This is the absolutely preferred deployment model for horizontal scaling because the Ontoserver instances auto-discover each other and coordinate themselves to manage the complexities of FHIR’s stateful interactions and content updates via syndication and preload feeds. (Currently this is managed using Infinispan.)

This mode is enabled by setting the configuration parameter:

ontoserver.deployment.scaled=true

this also implies (forces)

ontoserver.deployment.readOnly=true

The deployment then consists of

A shared PostgreSQL instance, typically using the cloud platform service since this simplifies backups and availability.
Each Ontoserver container using its own local container storage on the Docker host, ideally SSD to maximise performance.

In this readonly mode, Ontoserver ensures that no FHIR update operations can be performed (regardless of the security model and associated permissions in the token). The only only way to load / update content on the instances is via the preload and syndication feed(s).

Note that for SNOMED CT and LOINC, the associated content MUST remain available in these feeds so that newly started instances are able to load their indexes.

Separate disk and database (legacy)

Typically this is achieved using:

A PostgreSQL container deployed alongside each Ontoserver container, typically using local container storage, ideally on the same host to minimise latency
Each Ontoserver container using its own local container storage on the Docker host, ideally SSD to maximise performance.

This method uses entirely transient storage for the containers, and relies upon Ontoserver instances being able to rebuild their disk and database state upon boot from their configured preload syndication feed. This method uses the read-only nature of the endpoint to remove the need to synchronise state due to write operations for each Ontoserver instance – state is synchronised to the configured common preload syndication feed.

Shared disk and database — deprecated

~~Typically this is achieved using:~~

~~a shared filesystem technology like NFS or SMB which can be mounted in a read/write mode by multiple Docker containers concurrently~~
~~a central PostgreSQL database with a single schema all Ontoserver instances connect to.~~

This infrastructure cannot match low latency disk access when using instance storage on the Docker node hosting the Ontoserver container. Similarly with co-located twinned Ontoserver and PostgreSQL containers, centralised databases introduce latency to the overall solution, which has a further performance cost.

Therefore, a performance hit compared to separate instance storage and separate databases co-located with each Ontoserver container is likely. This can be minimised with premium storage infrastructure, however is unlikely to be able to match local storage on the Docker host if it is SSD.

Note: When shared disk and database are being used for such a read-only endpoint with a preload feed, a single Ontoserver instance should be started and allowed to complete the preload process prior to the other Ontoserver instances being started. This prevents multiple Ontoserver instances attempting to load data from the preload feed onto shared disk and database concurrently which will likely result in numerous error messages in their log files.

Stateful requests

The $closure FHIR operation creates and relies on in-memory state in the server that cannot be replicated in a scaling solution. To address this, these requests should be sent to the same server. This can be done either using stateful/stateless servers, or sticky sessions. We feel that the former is preferable, unless specific expected usage patterns indicate otherwise.
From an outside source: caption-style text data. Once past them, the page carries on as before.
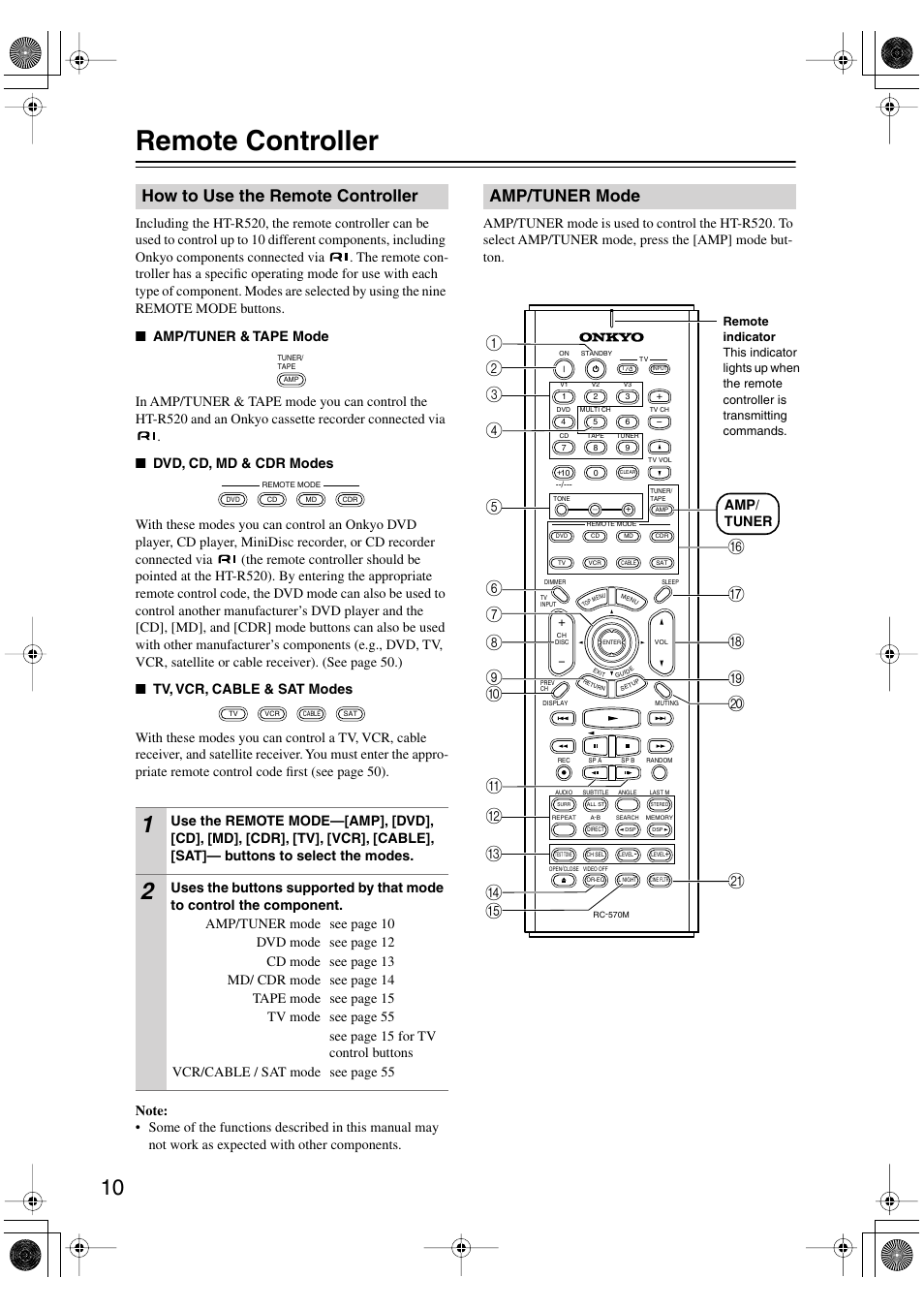 Remote controller, How to use the remote controller, Amp/tuner mode | Amp/ tuner | Onkyo HT-R520 User Manual | Page 10 / 68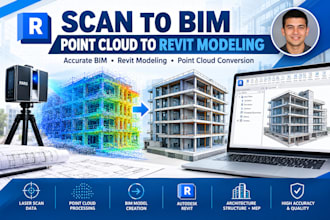 do scan to bim and point cloud to revit modeling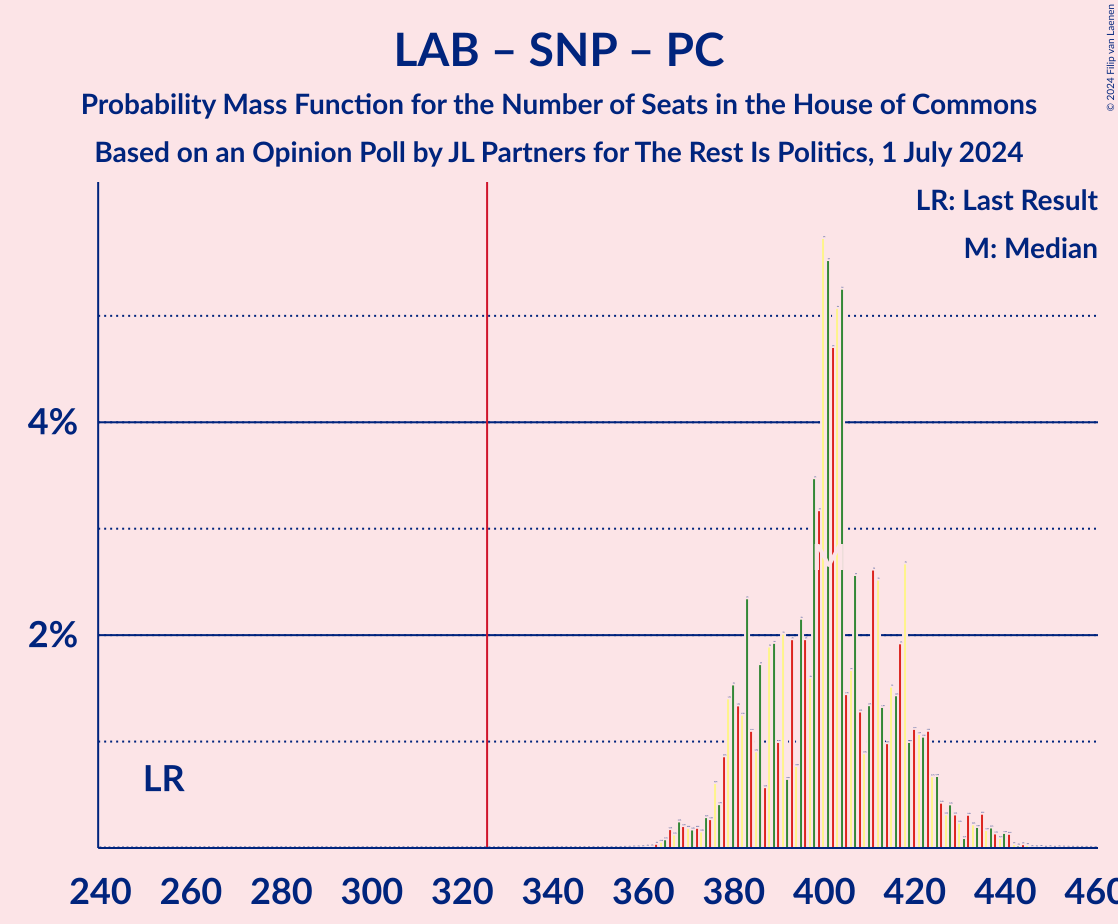 Graph with seats probability mass function not yet produced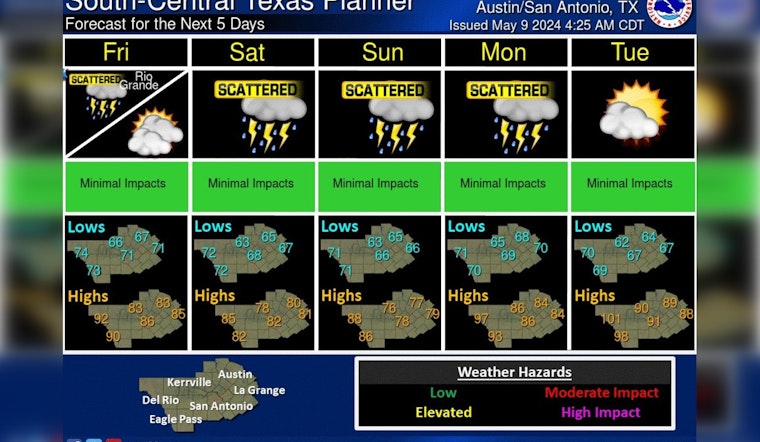 Austin on Alert for Severe Weather including Hail, Tornadoes, and High Winds Possible Today
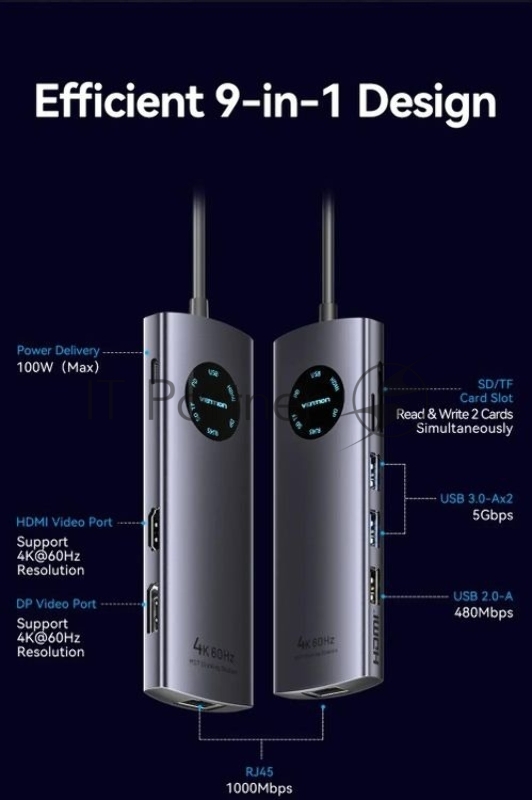 Мультифункциональный хаб Vention USB-C 9 в 1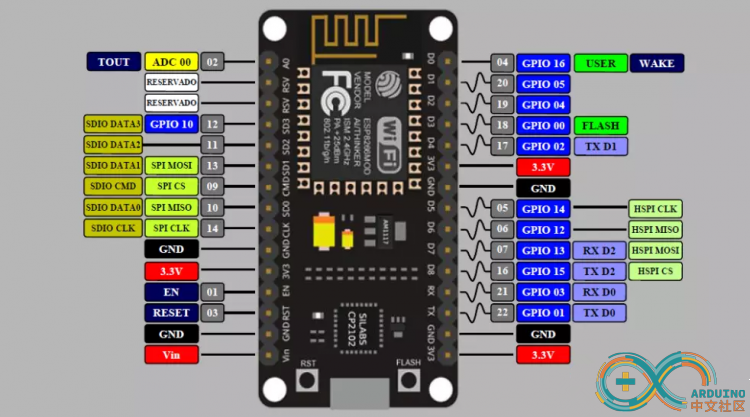 nodemcu 的引脚图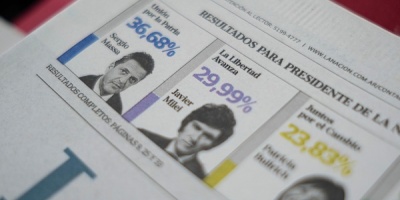 Milei especula con el ama�o de la primera vuelta de las elecciones argentinas: "Hubo irregularidades"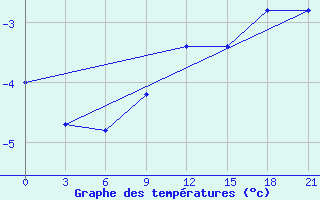 Courbe de tempratures pour Samary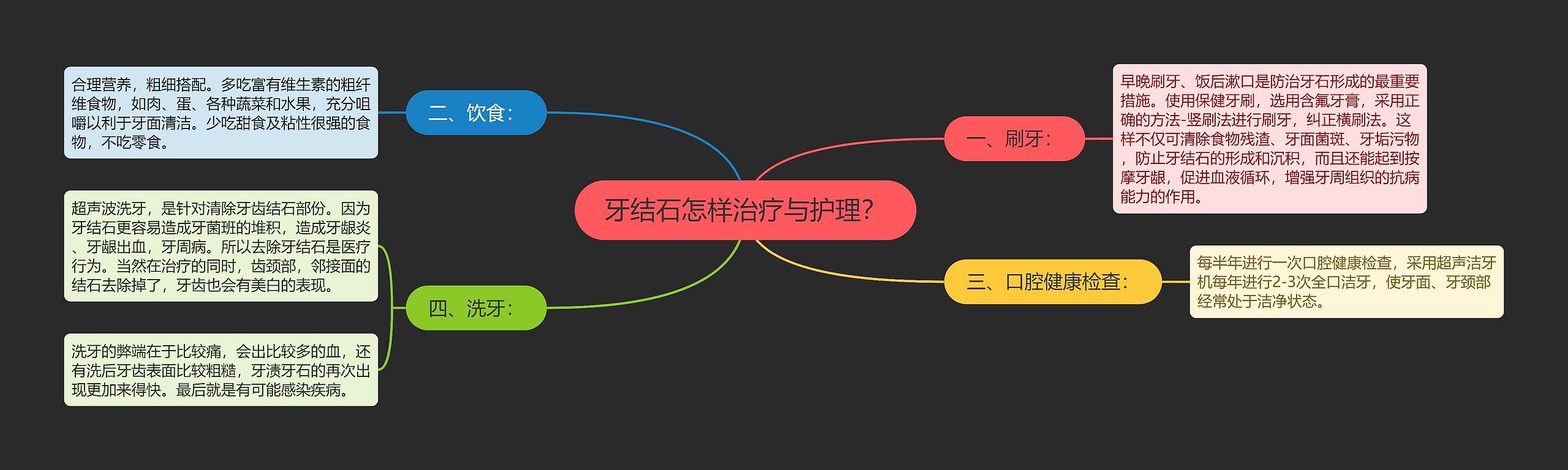 牙结石怎样治疗与护理? 牙结石怎样治疗与护理?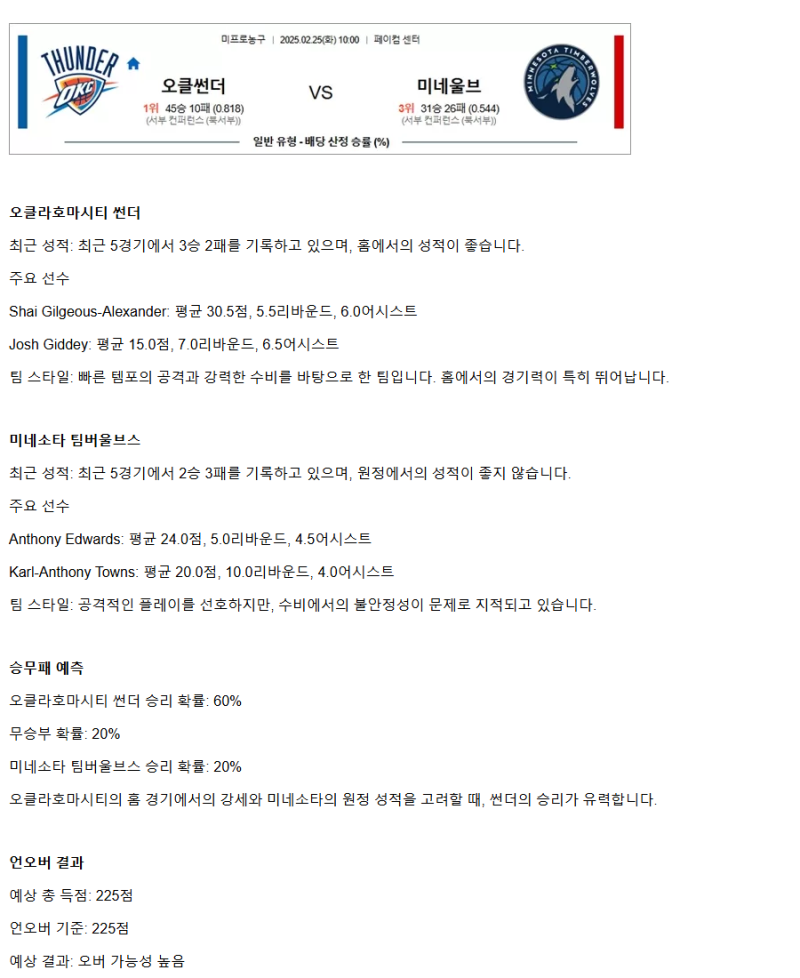 2025년2월25일 오클라호마 시티 썬더 미네소타 팀버울브스 해외농구 중계 및 분석 올스티비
Stateful/stateless servers

This model allocates one server as the stateful server, and the ingress controller/load balancer is configured to redirect all stateful requests to that server. The advantage of this is that these requests can be shared across multiple clients, e.g. multiple clients can use/maintain a shared closure table. The disadvantage is that the endpoint does not scale horizontally for these types of requests (these are not typically the requests that lead to a requirement for scaling).

Sticky sessions

The sticky sessions model relies on the ingress controller/load balancer directing all requests from a given client (based on source IP and/or HTTP referrer header) to the same server. This allows the endpoint to scale horizontally for these requests. However, it is not possible for different clients to share a closure table.

Ontoserver does not provide any application level support for sticky sessions, and is not able to set headers or cookies for the purpose of creating hints for a load balancer to manage sticky sessions.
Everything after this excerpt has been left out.